The copy appears to be called in svdvals which slows to a crawl for large matrices. Is this a known issue?

It appears that copy(f.Q) relies on a default method for AbstractArrays, which might explain the difference in performance. Is this something that may be improved?

Upon further introspection it appears that indexing into Q is slow.

function getindex(Q::AbstractQ, i::Integer, j::Integer)
    x = zeros(eltype(Q), size(Q, 1))
    x[i] = 1
    y = zeros(eltype(Q), size(Q, 2))
    y[j] = 1
    return dot(x, lmul!(Q, y))
end

results in

julia> @btime $f.Q[1, 1];
  22.795 μs (6 allocations: 48.84 KiB)

As a consequence

julia> @time f.Q[:,:];
 30.861779 seconds (4.00 M allocations: 46.529 GiB, 2.50% gc time)

I’m definitely not an expert here, but is that because theq isn’t present as a dense matrix until you copy it. It’s stored in packed form as a product of Householder reflectors. Do you actually a dense copy? You can multiply by it while still in packed form.

@malacroi is correct. Extracting Q from the data structure you get from qr or qr! is expensive. IIRC, it’s O(N^3) work. If you just want to multiply D by Q’, for example, then f.Q'*B is what you want.

For example

julia> A=rand(1000,1000); AC=copy(A); AF=qr!(A);

julia> C=AF.Q*AF.R; norm(C-AC)
4.49007e-13

julia> D=AF.Q'*AC; RC=copy(AF.R); norm(D-RC)
1.27313e-13

The copy of AF.R is cheap because you don’t have to compute anything new. Not so if you do AF.Q.

The fast way to extract the Q factor as a dense matrix is just what you already do in your first example, namely Array(f.Q). Indeed, copy will probably fall back on a general method that uses indexing, which is slow for the way f.Q is stored/represented.

If you want to make a copy of an array or some object that behaves as it, but is maybe not explicit (like a Q factor, or a transposed matrix), and you want the result to be a explicit Array that has fast indexing and its own memory, then Array(object) is a good way.
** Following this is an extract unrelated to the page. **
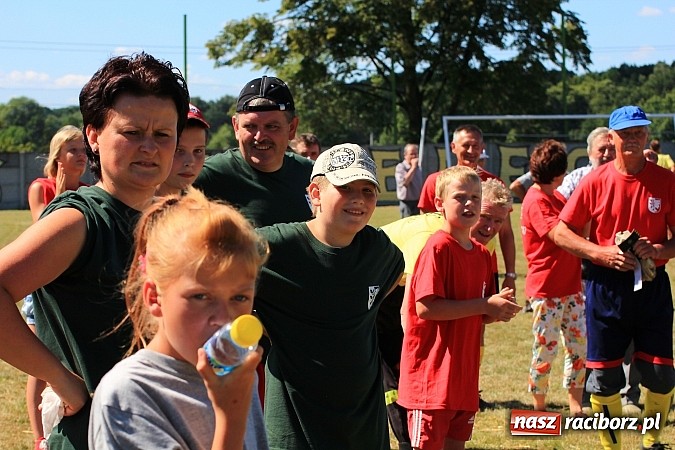 Zdjęcie w galerii na portalu naszraciborz.pl: Świetna zabawa na turnieju sołectw w Rzuchowie. Kornowac z pucharem wójta wiadomości z regionu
Looks like we’re missing a specialized copy(x::QRPackedQ) = Array(x) method for performance. But maybe that method should even return a QRPackedQ object, since copy doesn’t have to return an Array. You could file an issue in GitHub.

C=Array(AF.Q) is ok if you must have Q. It is far better than copy. The allocation burden seems a bit steep for the 8MB you need to store Q.
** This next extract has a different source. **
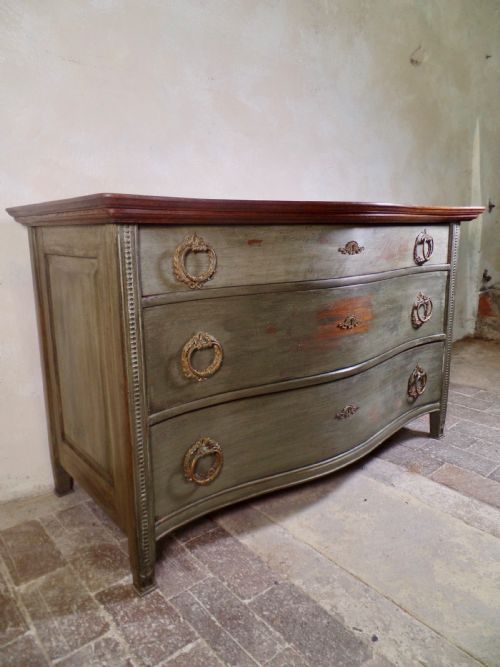 ANTIQUE FRENCH CONTINENTAL SERPENTINE OAK CHEST OF DRAWERS PAINTED GREEN WITH BRASS HANDLES - ADDITIONAL PHOTO 4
julia> A=rand(1000,1000); AF=qr!(A);

julia> @btime C=Array($AF.Q);
  31.310 ms (8 allocations: 22.89 MiB)

Currently svdvals relies on a copy.

svdvals(A::AbstractMatrix{<:BlasFloat}) = svdvals!(copy(A))

I realize that I may evaluate svdvals(Array(Q)) instead of svdvals(Q), however is it reasonable to expect svdvals to perform this by itself? This is a different question from whether we should implement a specific method for copy(::AbstractQ), as — from the suggestions above — copy might not be be the best choice for certain types of matrices.